Police: Extended lodging sites near Dayton Mall pose challenges

The traffic and number of businesses in Dayton Mall area pose challenges to law enforcement, among them heroin issues within the several extended lodging sites there, authorities said.

Miami Twp.’s population of nearly 30,000 swells to about three times that amount in the daytime and thefts and shoplifting are by far the most common crimes in the mall area, police said.

But "in terms of public health, our biggest problems in that area are the extended stay hotels and the associated heroin epidemic in the United States today," Capt. John Magill of the Miami Twp. Police Department.

RELATED: Other high-profile crimes in the Dayton Mall area.

Magill said the Hawthorn Suites By Wyndam Miamisburg/Dayton Mall South where three suspects are accused of trying to hit officers with a car Thursday is "not a high crime area in comparison" to other extended stay spots in the Ohio 725/741 corridor near Interstate 75.

Three men were arrested last Thursday in Miami Twp. following an investigation by police that ended with officers shooting at the suspects after they allegedly tried to hit the police with their vehicle.

Those arrested were Shaun Hill, 27; Richard Benton, 28; and Antwaun Brown, 31, according to jail records. Brown was the driver and he was faces a charge of felonious assault on a police officer while the other two face charges obstructing official business.

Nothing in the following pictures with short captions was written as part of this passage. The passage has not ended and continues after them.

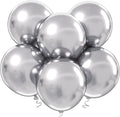 18 Inch Metallic Silver Balloons - 35pcs Large Thick Chrome Silver Balloons for Birthday, Baby Shower, Wedding, Graduation, Summer Themed Party Decorations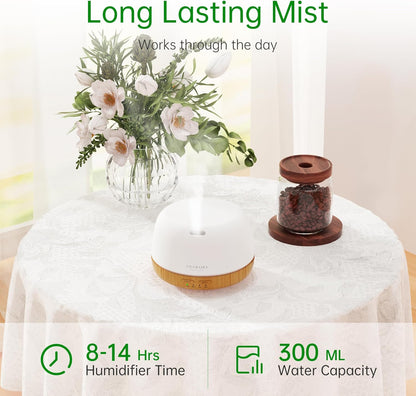 ASAKUKI Essential Oil Diffuser for Home, 500ML Aromatherapy Diffuser Humidifier with Remote Control, 7 Color LED Lights, Quiet Cool Mist Diffuser for Bedroom, Living Room, Office (White)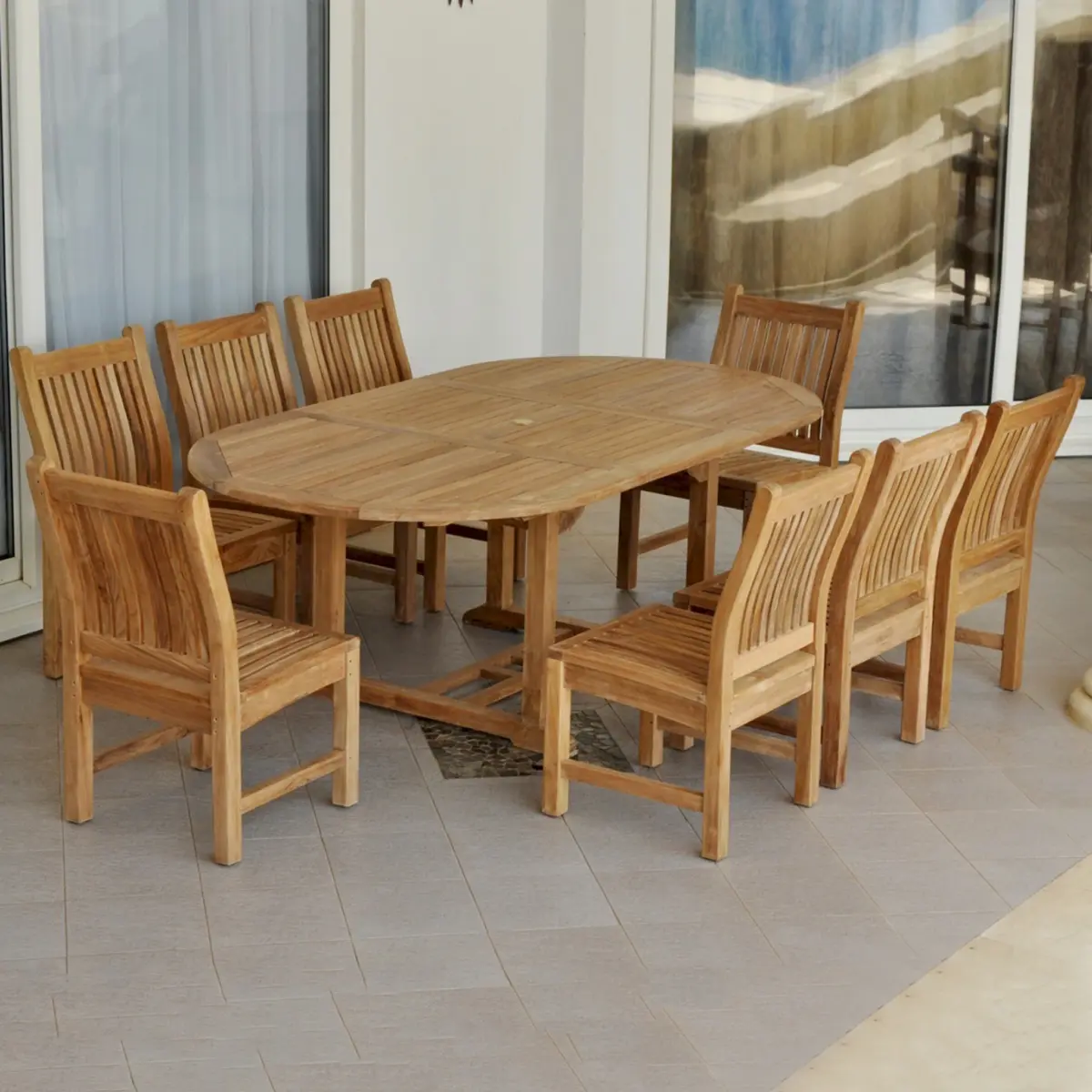 Anderson Teak - Bahama Sahara 9-Pieces 87" Oval Dining Set - Image 3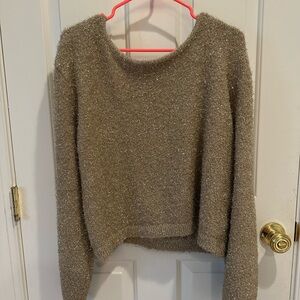 Anthropologie Metallic Tan Crew Neck Sweater
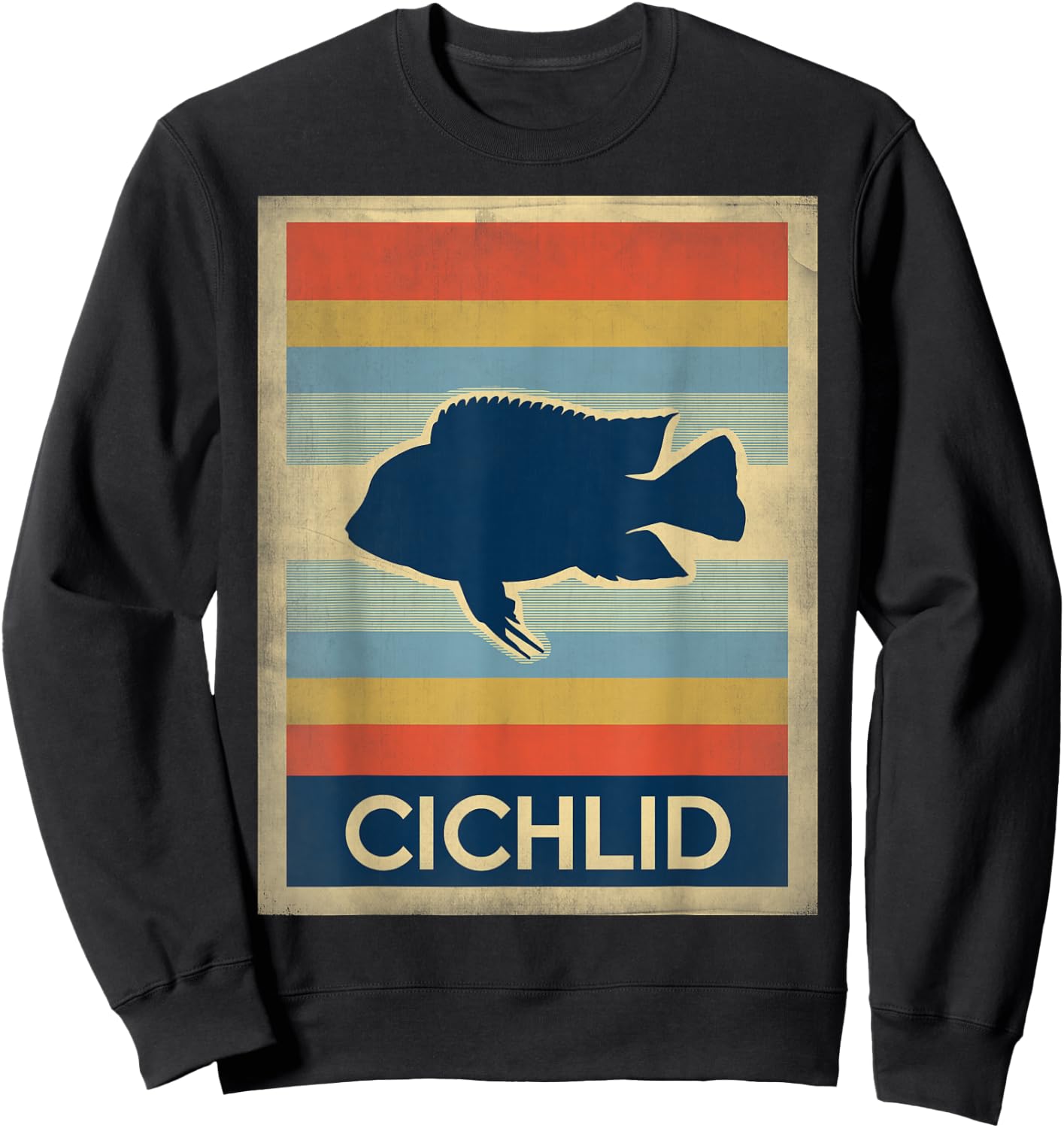 Vintage Style Cichlid Fish Lovers Sweatshirt - Sweatshirt | Black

The heroin overdoses at the extended stay sites have been more common than in other areas of the township, he said.

“That business model,” Magill said, not the specific businesses, “apparently attracts heroin addicts.”

RELATED: More than half of Montgomery County overdose deaths outside Dayton.

Twenty-one drug overdose deaths were reported in the township in 2016, with at least four being at hotels, according to Montgomery County Coroner’s Office records. Eight were Miami Twp. residents.

“We reach out to all of hotels with that business model – extended stay places,” he said. “If you will – it’s hotels that are rented by the week and not overnight, or by the month.

“It’s intended to be short-term for business people but it tends to attract a lot of heroin addicts,” Magill added.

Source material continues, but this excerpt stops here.